In one scene, the room is illuminated by soft light coming through two windows, wreathing Philo's face in muted light and shadow. To transition Philo from the present to the past and back again, Seager had actor Orlando Bloom sit on the camera dolly itself, so that whenever the whole dolly moved, Bloom moved with it. As Philo circles around, he becomes part of a flashback, with children playing behind him; when one kid falls on the ground and hits his head, we see the back of Philo's head, bearing the scar from that fall. It's a moment of subtle visual storytelling.

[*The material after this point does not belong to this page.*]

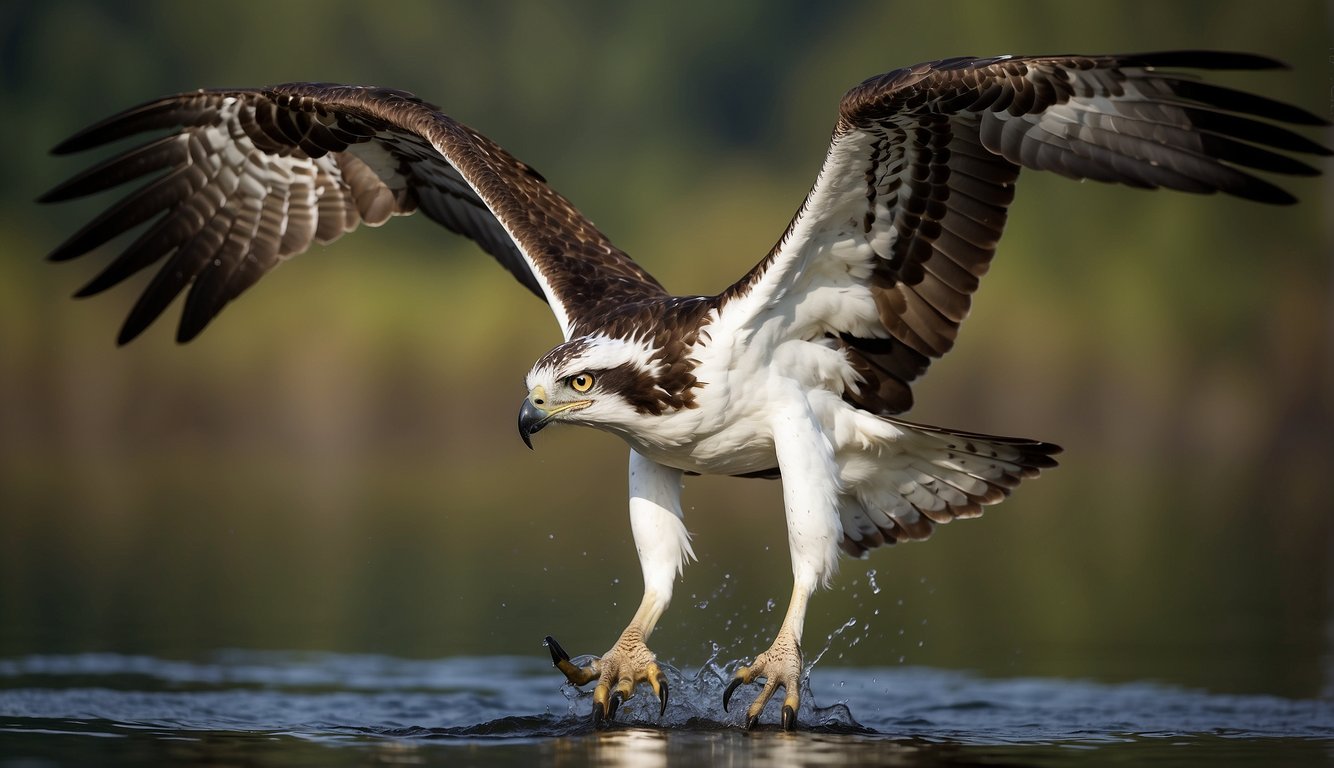The osprey dives gracefully into the water, its sharp talons poised to snatch a fish.

Its wings are outstretched, and its keen eyes focus intently on the shimmering prey below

The Terror: Infamy opening sequence | AMC

THE TERROR: INFAMY

On his nominated episode, "A Sparrow in a Swallow's Nest," cinematographer John Conroy worked with other departments to establish the aesthetic of the show – the color palette as well as the visual references. In this case, Conroy's cinematography uses the visual vocabulary and low framing style of such master Japanese filmmakers as Yasujiro Ozu and Hiroshi Teshigahara, and particularly some famous kwaidan horror movies, such as Ringu and Ju-On: The Grudge.

The key was to reference horror movies with the atmosphere, but combine the terror with beauty. "Bad things happen in beautiful places," Conroy says. The very first scene, when Masayo Furuya commits suicide, was originally written to take place at night. Conroy suggested that it might open the show better to have it take place in daylight, "since night sometimes signals to the audience that bad things are about to happen."

Conroy wound up shooting the scene over two nights during the dusky "magic hour" — which, despite the name, is really only about 20 minutes long. "It's so hard to get that light," Conroy says. "We were petrified that one night might be cloudy, and one sunny, but the lighting gods were looking down on us. It set up the whole series."